(Health & Drugs)
OUTBREAKS OF infectious diseases and epidemics are no longer new to Nigerians. The country has been known to have experienced her fair share of epidemics in times past and has equally contributed to disease burdens in the world.
For example, the country has only recently survived the deadly Ebola Virus Disease (EVD) which ravaged the West African countries of Guinea, Congo, Sierra Leone, Liberia and Nigeria and in which more than 11,000 people died, including nearly 4,000 in Sierra Leone alone and eight in Nigeria.
Hardly has the EVD been conquered and the country declared Ebola-free by the World Health Organisation (WHO) that a new set of epidemics are raring their heads; Lassa Fever, Measles, Meningitis, the deadly Bird flu and of course, the seeming fear of Zika virus (albeit not in Nigeria yet, but already a global health challenge).
It is no doubt a season of viral and haemorrhagic infections in the country and a time everyone should be on guard.
Health Minister, Professor Isaac Adewole during his recent official visit to some parts of the North East, acknowledged, “There is sincerely a failure of health surveillance system” and promised to ensure an improvement in this regard.
Haemorrhagic diseases are known to be transmitted from humans and this include: Lassa Fever.
At the last count, nearly 80 people have been reportedly killed by the outbreak of the disease in 19 states of the country and the disease is still spreading so also other diseases such as Measles and Meningitis taken scores of lives across the country.
Experts have blamed everyone including government on the recent epidemics saying, “There is a gradual collapse of surveillance system in the country” and that everyone is guilty of neglecting environmental and self-hygiene”.
Some have even argued that man’s encroachment and disorientation of nature as well as disruption of the natural habitation of some animals could be traced to the cause of resurgence of certain epidemics such as Lassa Fever, Zika Virus Fever among others.
It is a known fact that outbreaks are not uncommon as he US Centres for Disease Control and Prevention estimates there are 100,000-300,000 infections in West Africa every year, with about 5,000 deaths.
In 2012, there were 1,723 Lassa cases and 112 deaths in Nigeria. Last year, 12 people died out of 375 infected, according to the Nigerian Centre for Disease Control.
The Lassa virus for instance is known spread through contact with food or household items contaminated with rats’ urine or faeces.
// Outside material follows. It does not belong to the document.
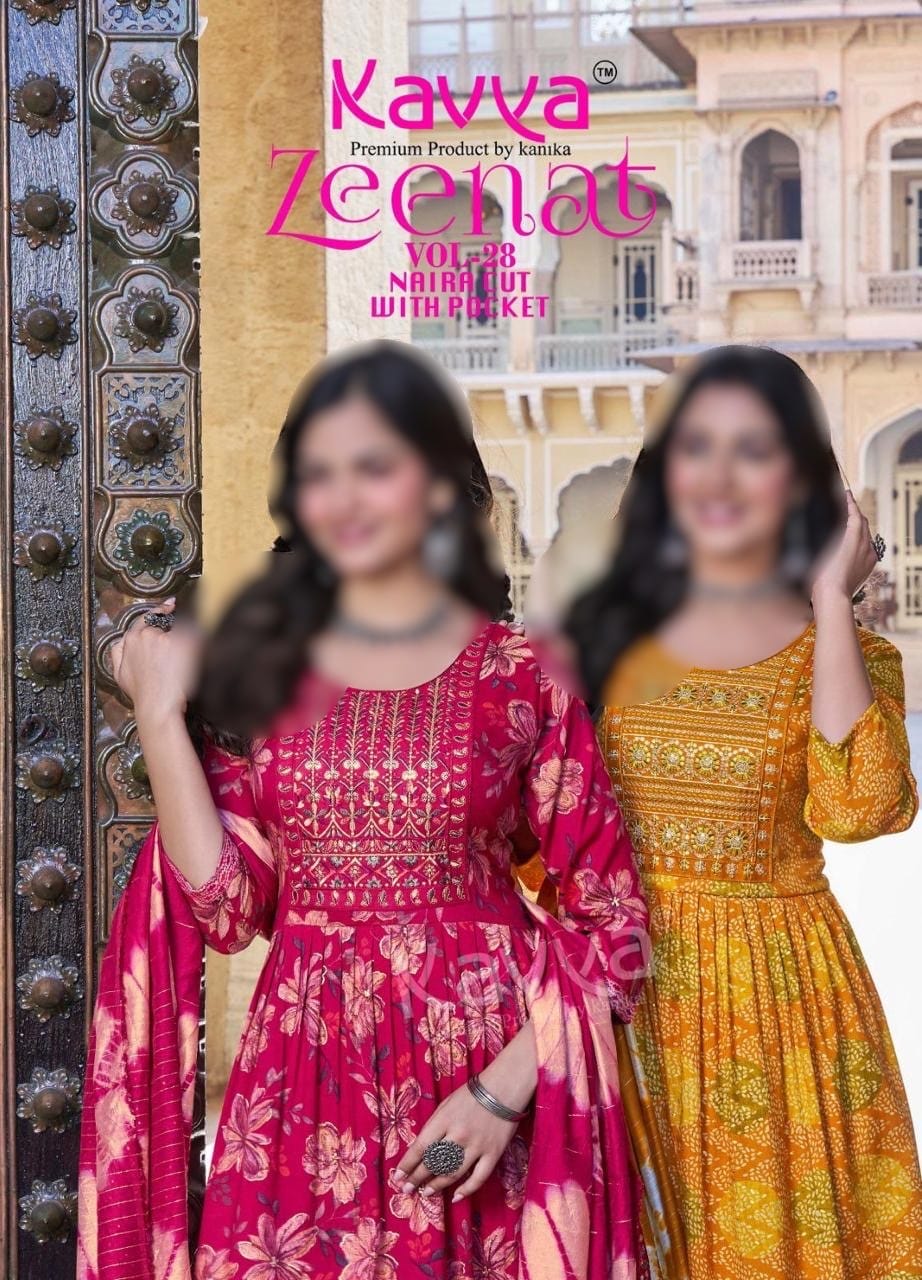 Cotton Anarkali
According to the Director Health Education, Lagos State Ministry of Health, Mrs Omowunmi George, “It is known that human being are infected with Lassa virus when they come in contact with the droppings of infected rodents such as rats and this can in turn be spread to others by an infected person when his blood, urine, feaces or other fluids touch those of other people”.
George who addressed hundreds of School teachers in the state told Healthstyleplus why the method was chosen saying, “we expect the teachers to go back to their schools to reach the several millions of school children with the correct messages about how Lassa Fever is contracted and spread.
“Children have been known to be change agents in that they often help spread information the learnt in school at the community level which is all we need at a time as this”, said George.
Speaking on the outbreak of Measles in the country, Research Fellow, Nigerian Institute of Medical Research, Lagos Dr Adeshina Adeiga told Healthstyleplus, “Intensive Measles vaccination of the children especially those under two years in every community would have prevented the outbreak. This is largely a Local Government affair with the backing of the State government”.
According to Adeiga, “The situation got out hand because of the rate of spread of the disease was high and of course, there was low immunity among the children vaccinated that would have aided the spread and probably there was a large number of unvaccinated children too.
“Besides, poor nutrition among children would have contributed to weak antibodies generated after vaccination”, Adeiga lamented.
The Consultant Immunologist blamed both poor health system and families as well as communities for the recent outbreak.
“The local governments and the State government have been giving low priority to health and only respond to emergencies as face-saving measure “said Adeiga.
He pointed out that the non-procurement of appropriate vaccines at the right time, poor storage facilities in some areas, non-vaccination of many children among others are some of the contending issues coupled with non-cooperation of families and communities to ensure all children receive measles immunisation have aided the spread of the disease.
But Lagos Commissioner for Health, Jide Idris assured residence of government readiness to curb the spread of all the diseases in the shortest possible time.
Idris also pleaded with residence to step up level of personal and environmental hygiene.
“We are committed to engage in education and enlightenment campaigns on diseases prevention in the estate just we shall henceforth increase our surveillance on diseases”, he said at a media briefing.
If the promise made by the Health Minister Adewole would be fulfilled, Nigeria expects to see a rejuvenated health systems and surveillance in the shortest possible time with the recent setting up of Lassa Disease Prevention Committee by the Health Minister.